### What is expected
Once the data has been read, return all of it precisely as written.

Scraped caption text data
▼
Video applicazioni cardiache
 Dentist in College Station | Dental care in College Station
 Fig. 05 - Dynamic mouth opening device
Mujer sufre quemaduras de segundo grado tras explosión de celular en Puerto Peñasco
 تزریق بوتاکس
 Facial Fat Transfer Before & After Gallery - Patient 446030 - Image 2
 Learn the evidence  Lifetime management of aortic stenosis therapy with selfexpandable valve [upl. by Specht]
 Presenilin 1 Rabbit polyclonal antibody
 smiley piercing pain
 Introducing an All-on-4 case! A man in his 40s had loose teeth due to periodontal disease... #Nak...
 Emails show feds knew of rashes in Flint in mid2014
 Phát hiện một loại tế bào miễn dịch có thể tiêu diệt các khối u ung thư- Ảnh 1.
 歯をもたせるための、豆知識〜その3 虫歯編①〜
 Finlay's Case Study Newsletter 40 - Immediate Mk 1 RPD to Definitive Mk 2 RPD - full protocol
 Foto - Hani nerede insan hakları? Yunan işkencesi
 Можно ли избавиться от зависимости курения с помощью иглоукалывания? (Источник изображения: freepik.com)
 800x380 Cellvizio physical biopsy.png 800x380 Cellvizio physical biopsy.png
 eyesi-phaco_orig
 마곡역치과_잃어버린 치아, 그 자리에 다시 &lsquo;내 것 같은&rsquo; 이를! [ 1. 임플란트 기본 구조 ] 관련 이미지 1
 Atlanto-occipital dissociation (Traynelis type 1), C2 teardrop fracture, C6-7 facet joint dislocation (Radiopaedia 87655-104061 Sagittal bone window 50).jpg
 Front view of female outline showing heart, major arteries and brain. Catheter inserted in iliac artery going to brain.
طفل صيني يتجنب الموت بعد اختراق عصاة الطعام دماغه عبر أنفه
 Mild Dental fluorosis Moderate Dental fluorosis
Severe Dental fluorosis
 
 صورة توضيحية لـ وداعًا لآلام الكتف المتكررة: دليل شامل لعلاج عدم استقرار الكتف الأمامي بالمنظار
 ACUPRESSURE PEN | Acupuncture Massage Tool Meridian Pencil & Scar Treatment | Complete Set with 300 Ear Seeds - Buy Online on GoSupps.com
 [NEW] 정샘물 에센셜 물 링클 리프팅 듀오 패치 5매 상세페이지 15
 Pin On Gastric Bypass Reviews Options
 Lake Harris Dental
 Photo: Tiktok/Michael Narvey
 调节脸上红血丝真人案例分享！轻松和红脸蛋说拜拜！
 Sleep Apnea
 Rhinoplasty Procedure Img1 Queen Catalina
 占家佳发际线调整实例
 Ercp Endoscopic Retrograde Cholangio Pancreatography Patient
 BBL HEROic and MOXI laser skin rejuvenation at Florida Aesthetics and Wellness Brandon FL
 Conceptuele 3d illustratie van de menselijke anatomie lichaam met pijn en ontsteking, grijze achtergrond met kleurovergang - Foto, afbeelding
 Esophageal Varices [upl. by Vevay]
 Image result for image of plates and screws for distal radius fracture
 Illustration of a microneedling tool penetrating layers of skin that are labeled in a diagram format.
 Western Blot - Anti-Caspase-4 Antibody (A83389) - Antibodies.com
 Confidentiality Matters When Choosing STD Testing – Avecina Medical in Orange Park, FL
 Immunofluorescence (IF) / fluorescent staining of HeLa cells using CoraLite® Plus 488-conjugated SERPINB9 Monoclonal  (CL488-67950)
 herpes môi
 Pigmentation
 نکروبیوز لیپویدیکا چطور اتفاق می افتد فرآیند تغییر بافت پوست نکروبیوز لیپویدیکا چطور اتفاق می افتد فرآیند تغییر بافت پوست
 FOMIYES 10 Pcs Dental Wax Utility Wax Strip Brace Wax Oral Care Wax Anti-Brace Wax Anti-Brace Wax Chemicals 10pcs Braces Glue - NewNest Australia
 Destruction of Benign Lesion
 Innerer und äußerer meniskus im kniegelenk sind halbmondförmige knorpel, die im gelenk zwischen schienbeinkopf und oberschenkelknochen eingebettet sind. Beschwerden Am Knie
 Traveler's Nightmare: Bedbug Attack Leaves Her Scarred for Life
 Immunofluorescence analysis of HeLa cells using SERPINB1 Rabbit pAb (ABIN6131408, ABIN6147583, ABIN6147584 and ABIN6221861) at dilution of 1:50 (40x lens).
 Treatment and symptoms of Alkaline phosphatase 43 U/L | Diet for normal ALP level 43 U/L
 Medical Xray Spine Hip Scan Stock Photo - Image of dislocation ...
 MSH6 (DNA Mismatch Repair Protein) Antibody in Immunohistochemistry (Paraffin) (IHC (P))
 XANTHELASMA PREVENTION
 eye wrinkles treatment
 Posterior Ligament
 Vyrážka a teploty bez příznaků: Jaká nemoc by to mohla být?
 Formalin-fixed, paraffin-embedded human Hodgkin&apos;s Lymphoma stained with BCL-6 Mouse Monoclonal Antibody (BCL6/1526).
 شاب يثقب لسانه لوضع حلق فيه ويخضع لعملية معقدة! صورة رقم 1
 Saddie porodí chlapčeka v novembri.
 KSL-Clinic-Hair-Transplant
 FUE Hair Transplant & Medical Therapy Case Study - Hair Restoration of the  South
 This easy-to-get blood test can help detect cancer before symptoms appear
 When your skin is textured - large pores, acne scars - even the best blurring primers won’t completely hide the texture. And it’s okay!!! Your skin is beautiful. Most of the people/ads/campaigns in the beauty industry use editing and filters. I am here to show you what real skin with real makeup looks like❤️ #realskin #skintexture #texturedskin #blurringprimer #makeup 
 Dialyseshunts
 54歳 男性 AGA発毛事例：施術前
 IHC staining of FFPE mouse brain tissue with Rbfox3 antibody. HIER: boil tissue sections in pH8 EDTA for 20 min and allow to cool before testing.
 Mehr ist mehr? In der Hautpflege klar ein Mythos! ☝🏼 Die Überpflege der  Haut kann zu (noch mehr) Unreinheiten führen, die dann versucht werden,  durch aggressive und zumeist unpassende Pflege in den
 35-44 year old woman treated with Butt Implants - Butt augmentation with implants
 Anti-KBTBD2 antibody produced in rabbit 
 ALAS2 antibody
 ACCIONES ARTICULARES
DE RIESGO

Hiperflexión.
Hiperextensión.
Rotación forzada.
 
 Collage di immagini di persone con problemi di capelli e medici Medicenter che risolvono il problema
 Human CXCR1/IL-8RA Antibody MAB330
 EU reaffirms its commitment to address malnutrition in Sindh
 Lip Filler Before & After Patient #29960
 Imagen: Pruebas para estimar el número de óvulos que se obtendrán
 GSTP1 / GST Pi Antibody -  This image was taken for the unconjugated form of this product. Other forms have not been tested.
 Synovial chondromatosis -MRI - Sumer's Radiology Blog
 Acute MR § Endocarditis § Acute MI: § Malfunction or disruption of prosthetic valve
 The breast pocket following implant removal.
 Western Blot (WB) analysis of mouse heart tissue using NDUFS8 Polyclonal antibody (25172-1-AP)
▲
### Task answer
Video applicazioni cardiache
 Dentist in College Station | Dental care in College Station
 Fig. 05 - Dynamic mouth opening device
Mujer sufre quemaduras de segundo grado tras explosión de celular en Puerto Peñasco
 تزریق بوتاکس
 Facial Fat Transfer Before & After Gallery - Patient 446030 - Image 2
 Learn the evidence  Lifetime management of aortic stenosis therapy with selfexpandable valve [upl. by Specht]
 Presenilin 1 Rabbit polyclonal antibody
 smiley piercing pain
 Introducing an All-on-4 case! A man in his 40s had loose teeth due to periodontal disease... #Nak...
 Emails show feds knew of rashes in Flint in mid2014
 Phát hiện một loại tế bào miễn dịch có thể tiêu diệt các khối u ung thư- Ảnh 1.
 歯をもたせるための、豆知識〜その3 虫歯編①〜
 Finlay's Case Study Newsletter 40 - Immediate Mk 1 RPD to Definitive Mk 2 RPD - full protocol
 Foto - Hani nerede insan hakları? Yunan işkencesi
 Можно ли избавиться от зависимости курения с помощью иглоукалывания? (Источник изображения: freepik.com)
 800x380 Cellvizio physical biopsy.png 800x380 Cellvizio physical biopsy.png
 eyesi-phaco_orig
 마곡역치과_잃어버린 치아, 그 자리에 다시 &lsquo;내 것 같은&rsquo; 이를! [ 1. 임플란트 기본 구조 ] 관련 이미지 1
 Atlanto-occipital dissociation (Traynelis type 1), C2 teardrop fracture, C6-7 facet joint dislocation (Radiopaedia 87655-104061 Sagittal bone window 50).jpg
 Front view of female outline showing heart, major arteries and brain. Catheter inserted in iliac artery going to brain.
طفل صيني يتجنب الموت بعد اختراق عصاة الطعام دماغه عبر أنفه
 Mild Dental fluorosis Moderate Dental fluorosis
Severe Dental fluorosis
 
 صورة توضيحية لـ وداعًا لآلام الكتف المتكررة: دليل شامل لعلاج عدم استقرار الكتف الأمامي بالمنظار
 ACUPRESSURE PEN | Acupuncture Massage Tool Meridian Pencil & Scar Treatment | Complete Set with 300 Ear Seeds - Buy Online on GoSupps.com
 [NEW] 정샘물 에센셜 물 링클 리프팅 듀오 패치 5매 상세페이지 15
 Pin On Gastric Bypass Reviews Options
 Lake Harris Dental
 Photo: Tiktok/Michael Narvey
 调节脸上红血丝真人案例分享！轻松和红脸蛋说拜拜！
 Sleep Apnea
 Rhinoplasty Procedure Img1 Queen Catalina
 占家佳发际线调整实例
 Ercp Endoscopic Retrograde Cholangio Pancreatography Patient
 BBL HEROic and MOXI laser skin rejuvenation at Florida Aesthetics and Wellness Brandon FL
 Conceptuele 3d illustratie van de menselijke anatomie lichaam met pijn en ontsteking, grijze achtergrond met kleurovergang - Foto, afbeelding
 Esophageal Varices [upl. by Vevay]
 Image result for image of plates and screws for distal radius fracture
 Illustration of a microneedling tool penetrating layers of skin that are labeled in a diagram format.
 Western Blot - Anti-Caspase-4 Antibody (A83389) - Antibodies.com
 Confidentiality Matters When Choosing STD Testing – Avecina Medical in Orange Park, FL
 Immunofluorescence (IF) / fluorescent staining of HeLa cells using CoraLite® Plus 488-conjugated SERPINB9 Monoclonal  (CL488-67950)
 herpes môi
 Pigmentation
 نکروبیوز لیپویدیکا چطور اتفاق می افتد فرآیند تغییر بافت پوست نکروبیوز لیپویدیکا چطور اتفاق می افتد فرآیند تغییر بافت پوست
 FOMIYES 10 Pcs Dental Wax Utility Wax Strip Brace Wax Oral Care Wax Anti-Brace Wax Anti-Brace Wax Chemicals 10pcs Braces Glue - NewNest Australia
 Destruction of Benign Lesion
 Innerer und äußerer meniskus im kniegelenk sind halbmondförmige knorpel, die im gelenk zwischen schienbeinkopf und oberschenkelknochen eingebettet sind. Beschwerden Am Knie
 Traveler's Nightmare: Bedbug Attack Leaves Her Scarred for Life
 Immunofluorescence analysis of HeLa cells using SERPINB1 Rabbit pAb (ABIN6131408, ABIN6147583, ABIN6147584 and ABIN6221861) at dilution of 1:50 (40x lens).
 Treatment and symptoms of Alkaline phosphatase 43 U/L | Diet for normal ALP level 43 U/L
 Medical Xray Spine Hip Scan Stock Photo - Image of dislocation ...
 MSH6 (DNA Mismatch Repair Protein) Antibody in Immunohistochemistry (Paraffin) (IHC (P))
 XANTHELASMA PREVENTION
 eye wrinkles treatment
 Posterior Ligament
 Vyrážka a teploty bez příznaků: Jaká nemoc by to mohla být?
 Formalin-fixed, paraffin-embedded human Hodgkin&apos;s Lymphoma stained with BCL-6 Mouse Monoclonal Antibody (BCL6/1526).
 شاب يثقب لسانه لوضع حلق فيه ويخضع لعملية معقدة! صورة رقم 1
 Saddie porodí chlapčeka v novembri.
 KSL-Clinic-Hair-Transplant
 FUE Hair Transplant & Medical Therapy Case Study - Hair Restoration of the  South
 This easy-to-get blood test can help detect cancer before symptoms appear
 When your skin is textured - large pores, acne scars - even the best blurring primers won’t completely hide the texture. And it’s okay!!! Your skin is beautiful. Most of the people/ads/campaigns in the beauty industry use editing and filters. I am here to show you what real skin with real makeup looks like❤️ #realskin #skintexture #texturedskin #blurringprimer #makeup 
 Dialyseshunts
 54歳 男性 AGA発毛事例：施術前
 IHC staining of FFPE mouse brain tissue with Rbfox3 antibody. HIER: boil tissue sections in pH8 EDTA for 20 min and allow to cool before testing.
 Mehr ist mehr? In der Hautpflege klar ein Mythos! ☝🏼 Die Überpflege der  Haut kann zu (noch mehr) Unreinheiten führen, die dann versucht werden,  durch aggressive und zumeist unpassende Pflege in den
 35-44 year old woman treated with Butt Implants - Butt augmentation with implants
 Anti-KBTBD2 antibody produced in rabbit 
 ALAS2 antibody
 ACCIONES ARTICULARES
DE RIESGO

Hiperflexión.
Hiperextensión.
Rotación forzada.
 
 Collage di immagini di persone con problemi di capelli e medici Medicenter che risolvono il problema
 Human CXCR1/IL-8RA Antibody MAB330
 EU reaffirms its commitment to address malnutrition in Sindh
 Lip Filler Before & After Patient #29960
 Imagen: Pruebas para estimar el número de óvulos que se obtendrán
 GSTP1 / GST Pi Antibody -  This image was taken for the unconjugated form of this product. Other forms have not been tested.
 Synovial chondromatosis -MRI - Sumer's Radiology Blog
 Acute MR § Endocarditis § Acute MI: § Malfunction or disruption of prosthetic valve
 The breast pocket following implant removal.
 Western Blot (WB) analysis of mouse heart tissue using NDUFS8 Polyclonal antibody (25172-1-AP)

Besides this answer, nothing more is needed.